When Ford named its new car after Cortina d’Ampezzo, no one pictured it racing down the ski resort’s Olympic bobsleigh run in the hands of an F1 champion. But that is exactly what happened. Richard Webber revisits the site 55 years on in a Fiesta ST
Former world champion Jim Clark says it’s the most exciting sport he’s ever tackled. We’ll take his word for it. But if you have any doubts, he recommends a Cortina, lots of nerve, and plane tickets to Italy for you – and your doctor.”
So concludes the astonishing minute-long newsreel about the ‘Salute to Cortina Champions’ of December 1964, when road-going Ford Cortinas were driven down an Olympic bobsleigh track. You can read about this audacious (read foolhardy) event below. Fifty-five years on, we’re taking one of Ford’s current stars, the suitably game Ford Fiesta ST, to revisit the site of this historical madness.
Following a night-time handover at Treviso Airport, our eager little three-door ST pounds up the empty Autostrada before climbing deep into the Dolomites to the chic ski resort of Cortina d’Ampezzo, home of the 1956 Winter Olympics and regional epicentre for la dolce vita. There’s a particular excitement to arriving somewhere scenic in the dark, and we bed down in a hotel beside the town’s landmark bell tower in anticipation of what sunrise will reveal.
The cars ran almost vertically along what were literally walls of death
And rightly so. The next day, drifting wisps of mist can’t hide the huge, broken crags of limestone that cradle the Ampezzo Valley, their haywire structures jutting at all angles, barely softened by January’s snow.
At the base of the Tofane range on the north edge of town, we meet Gianfranco Rezzadore, president of Bob Club Cortina and former Italian international bobsleigh driver. Our rendezvous is Bob Bar, a tiny wooden shack and local hang-out nestled beside the Eugenio Monti bob track’s finish. Founded almost a century ago, the course was 1700 metres long by the 1956 Winter Games,
with 16 turns and a 152m vertical drop. Unchanged by 1964, it was just wide enough to accommodate a Ford Cortina.

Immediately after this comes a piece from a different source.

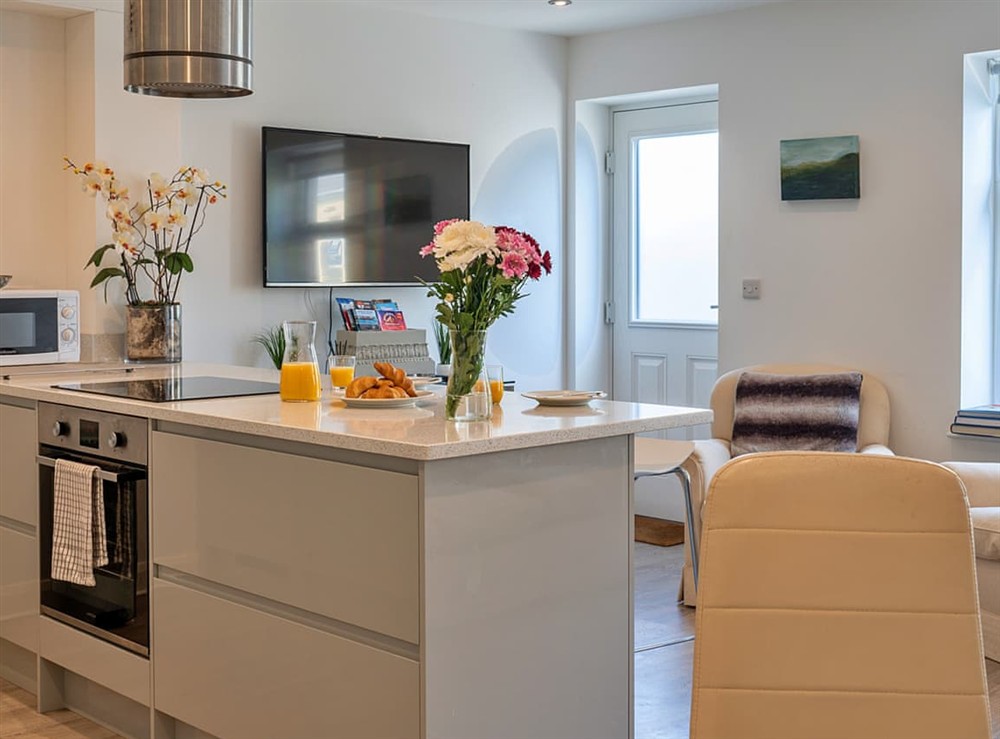 Open plan living space at Millstone Lodge in Saltash, Cornwall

The track was shortened, narrowed and artificially refrigerated from 1979 (until then, snow and ice were hand-packed) but closed in 2008. There are plans to recommission it should Cortina successfully bid to host the 2026 Winter Olympics in partnership with Milan – they’ll find out in June. For the moment, the smooth, concrete-lined track lays dormant but largely intact, so we walk its length with Rezzadore, who has piloted 3000 runs down here (not including extra-curricular jaunts aboard a snow shovel).
He says bobs used to hit 80mph on track, and that centrifugal forces pushed 4g through his spine on the ‘Cristallo’ hairpin: “I used to be taller.” Rezzadore’s sceptical that the Ford Cortinas reached the 50mph-plus claimed in the newsreel, but the dangers were very real. Back then, the huge, banked corners – easily twice my height – had no horizontal safety barriers above them. At times, the cars ran almost vertically along what were literally walls of death: sleighs have left this course with fatal consequences, including during the filming of For Your Eyes Only in 1981.

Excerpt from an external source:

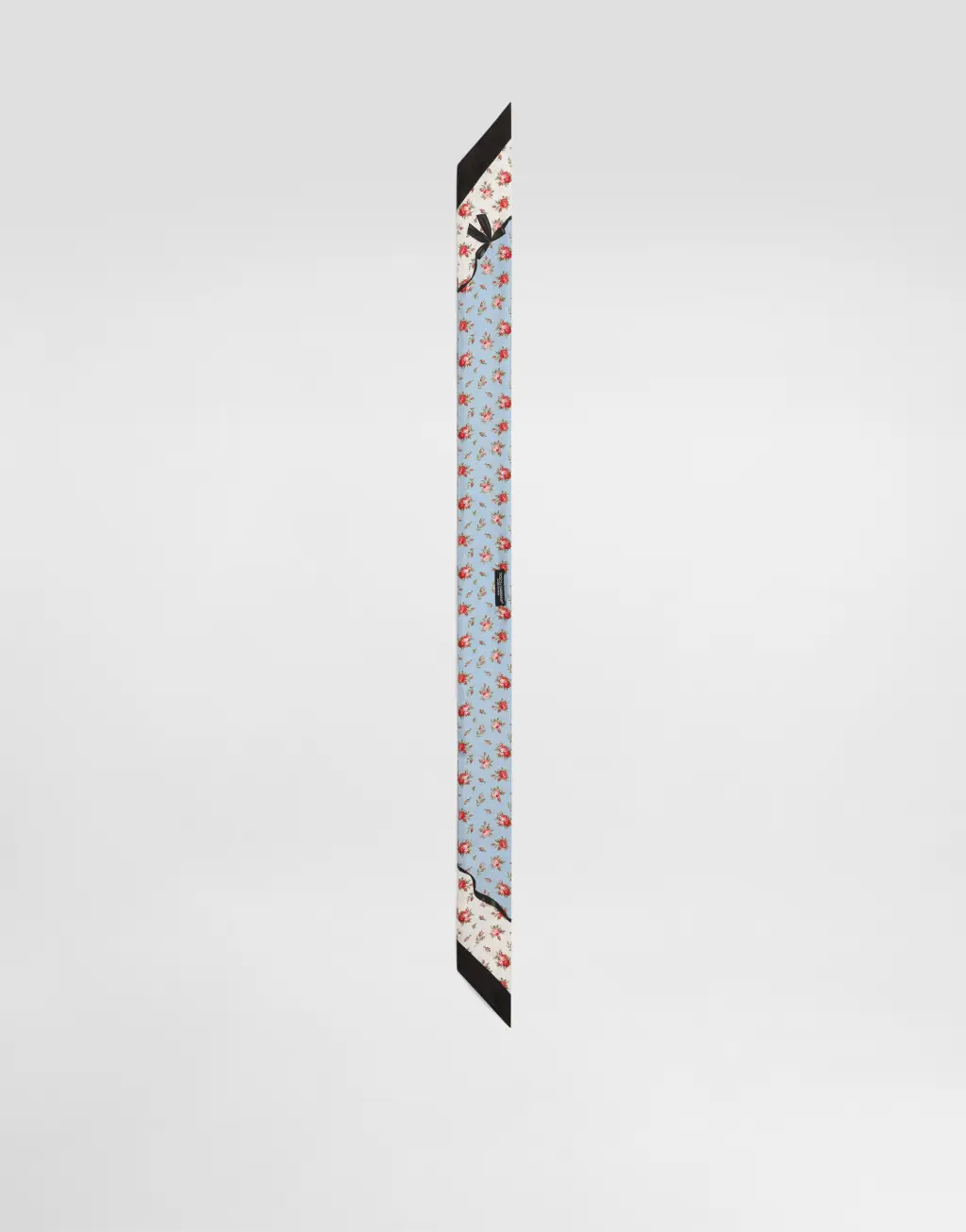 真丝斜纹绸小玫瑰印花细长丝巾 6x100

Past the pine straw-strewn lower corners, we amble uphill, where sheet ice crackles beneath our feet along the snaking ‘Labyrinth’ complex and on through yet more vertiginous banked corners. Turning to look back down, it eludes me how anyone – let alone a valuable sporting professional – could have driven an unmodified, carburetted family saloon with woolly steering, rear cart springs and 1960s tyre compounds down here in the snow. Different times indeed.
The route straightens under a bridge and into a clearing that marked the event’s start. This is where group photos were taken, Clark embellishing his race overalls and iconic two-tone lid with a fetching cable-knit sweater, before the cars took to the icy helter-skelter.
It eludes me how anyone could have driven a family saloon down this track in the snow
With the straights now barely wide enough for a bobsleigh, we’ll enjoy no such mischief – but we have another plan to get our alpine thrills while we’re here. You see, Cortina was a haven for racing drivers long before Clark et al arrived. Most famously, the Coppa d’Oro delle Dolomiti road race was based in the town each July for 10 post-war years along a 189-mile mountain route. The thought of period sports cars from Alfa Romeo, Lancia, Maserati and Ferrari thrashing between these peaks is spine-tingling.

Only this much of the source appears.